We start by modifying The Inequality 1+x \leq e^x by a shift of variables x \mapsto x-1, so that the inequality now reads x \leq e^{x-1}. We can apply this to each a_i giving a_i \leq e^{a_i - 1}, and in fact,

\displaystyle a_1^{p_1} \cdots a_n^{p_n} \leq e^{\sum_{i=1}^n p_ia_i - p_i} = e^{\left ( \sum_{i=1}^n p_ia_i \right ) - 1}

Now we have something quite curious: if we call A the sum p_1a_1 + \dots + p_na_n, the above shows that a_1^{p_1} \cdots a_n^{p_n} \leq e^{A-1}. Moreover, again because A \leq e^{A-1} that shows that the right hand side of the inequality we’re trying to prove is also bounded by e^{A-1}. So we know that both sides of our desired inequality (and in particular, the max) is bounded from above by e^{A-1}. This seems like a conundrum until we introduce the following beautiful idea: normalize by the thing you think should be the larger of the two sides of the inequality.

Define new variables b_i = a_i / A and notice that \sum_i p_i b_i = 1 just by unraveling the definition. Call this sum B = \sum_i p_i b_i. Now we know that

b_1^{p_1} \cdots b_n^{p_n} = \left ( \frac{a_1}{A} \right )^{p_1} \cdots \left ( \frac{a_n}{A} \right )^{p_n} \leq e^{B - 1} = e^0 = 1

Now we unpack the pieces, and multiply through by A^{p_1}A^{p_2} \cdots A^{p_n} = A, the result is exactly the AM-GM inequality.

\square

Even deeper, there is only one case when The Inequality is tight, i.e. when 1+x = e^x, and that is x=0. This allows us to use the proof above to come to a full characterization of the case of equality in the proof above. Indeed, the crucial step was that (a_i / A) = e^{A-1}, which is only true when (a_i / A) = 1, i.e. when a_i = A. Spending a few seconds thinking about this gives the characterization of equality if and only if a_1 = a_2 = \dots = a_n = A.

So this is excellent: the arithmetic-geometric inequality is a deep theorem with applications all over mathematics and statistics. Adding another layer of indirection for impressiveness, one can use the AM-GM inequality to prove the Cauchy-Schwarz inequality rather directly. Sadly, the Wikipedia page for the Cauchy-Schwarz inequality hardly does it justice as far as the massive number of applications. For example, many novel techniques in geometry and number theory are proved directly from C-S. More, in fact, than I can hope to learn.

Of course, no article about The Inequality could be complete without a proof of The Inequality.

Theorem: For all x \in \mathbb{R}, 1+x \leq e^x.

Proof. The proof starts by proving a simpler theorem, named after Bernoulli, that 1+nx \leq (1+x)^n for every x [-1, \infty) and every n \in \mathbb{N}. This is relatively straightforward by induction. The base case is trivial, and

\displaystyle (1+x)^{n+1} = (1+x)(1+x)^n \geq (1+x)(1+nx) = 1 + (n+1)x + nx^2

And because nx^2 \geq 0, we get Bernoulli’s inequality.

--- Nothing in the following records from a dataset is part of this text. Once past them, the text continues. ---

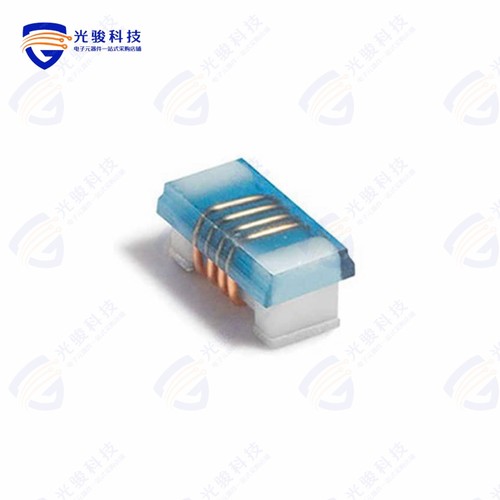 0603DC-20NXJRW《FIXED IND 20NH 1.92A 84MOHM SMD》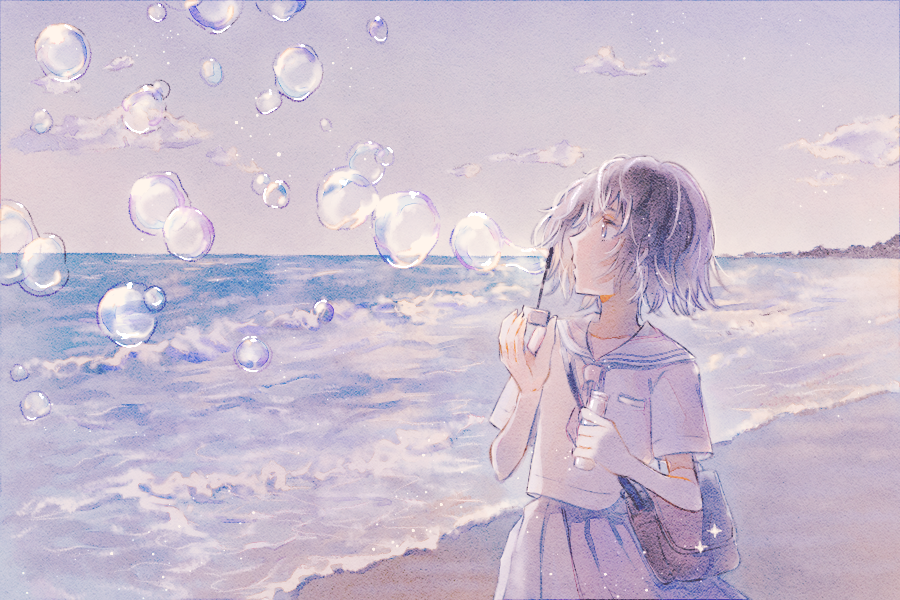 「」|緑乃🍀コミティアH25aのイラスト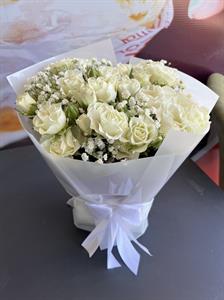 بایرون 283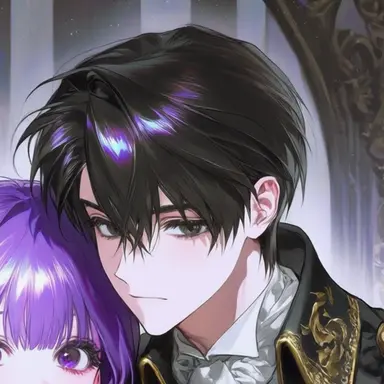 Profile image of エドリック・フォン・バレンシア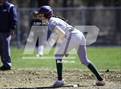 Photo from the gallery "Ponaganset @ East Greenwich"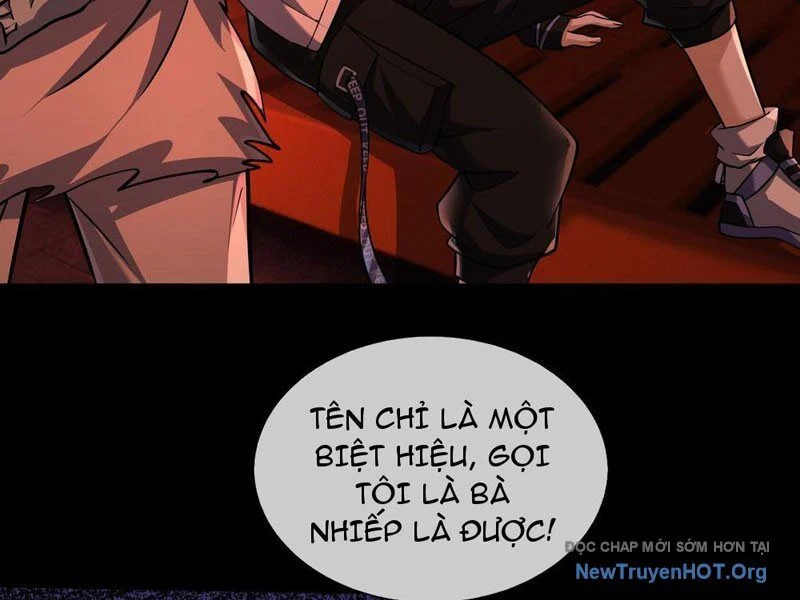 Toàn Cầu Sợ Hãi: Tôi Mở Hack Tự Chọn Cửa Hàng Chapter 9 - Next Chapter 10
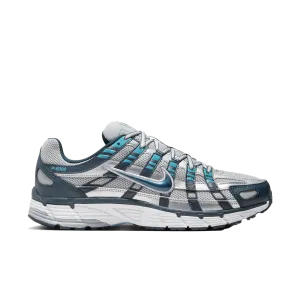 Nike Men's P-6000 Shoes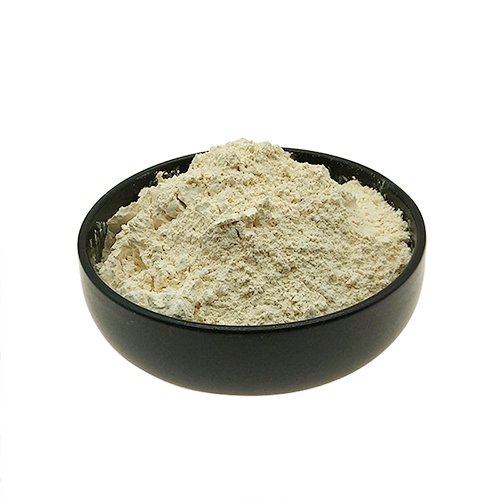 Centella Asiatica Extract Powder: Cosmetics Grade Organic Asiaticoside and Madecassoside at 10%-90%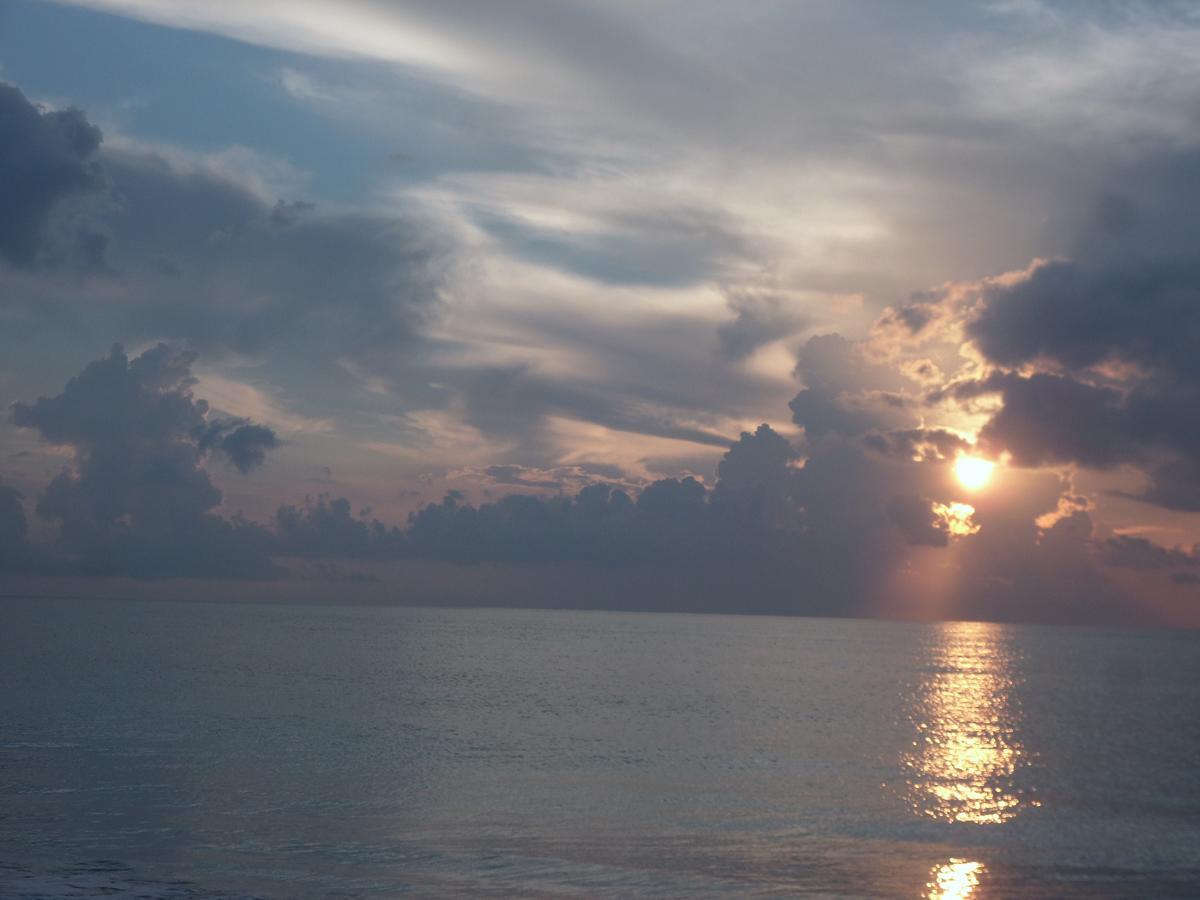 Chancabanita 3* Tulum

Now for any z \geq 0 we can set x = z/n, and get (1+z) = (1+nx) \leq (1+\frac{z}{n})^n for every n. Note that Bernoulli’s inequality is preserved for larger and larger n because x \geq 0. So taking limits of both sides as n \to \infty we get the definition of e^z on the right hand side of the inequality. We can prove a symmetrical inequality for -x when x < 0, and this proves the theorem.

\square

What other insights can we glean about The Inequality? For one, it’s a truncated version of the Taylor series approximation

\displaystyle e^x = 1 + x + \frac{x^2}{2!} + \frac{x^3}{3!} + \dots

Indeed, the Taylor remainder theorem tells us that the first two terms approximate e^x around zero with error depending on some constant times e^x x^2 \geq 0. In other words, 1+x is a lower bound on e^x around zero. It is perhaps miraculous that this extends to a lower bound everywhere, until you realize that exponentials grow extremely quickly and lines do not.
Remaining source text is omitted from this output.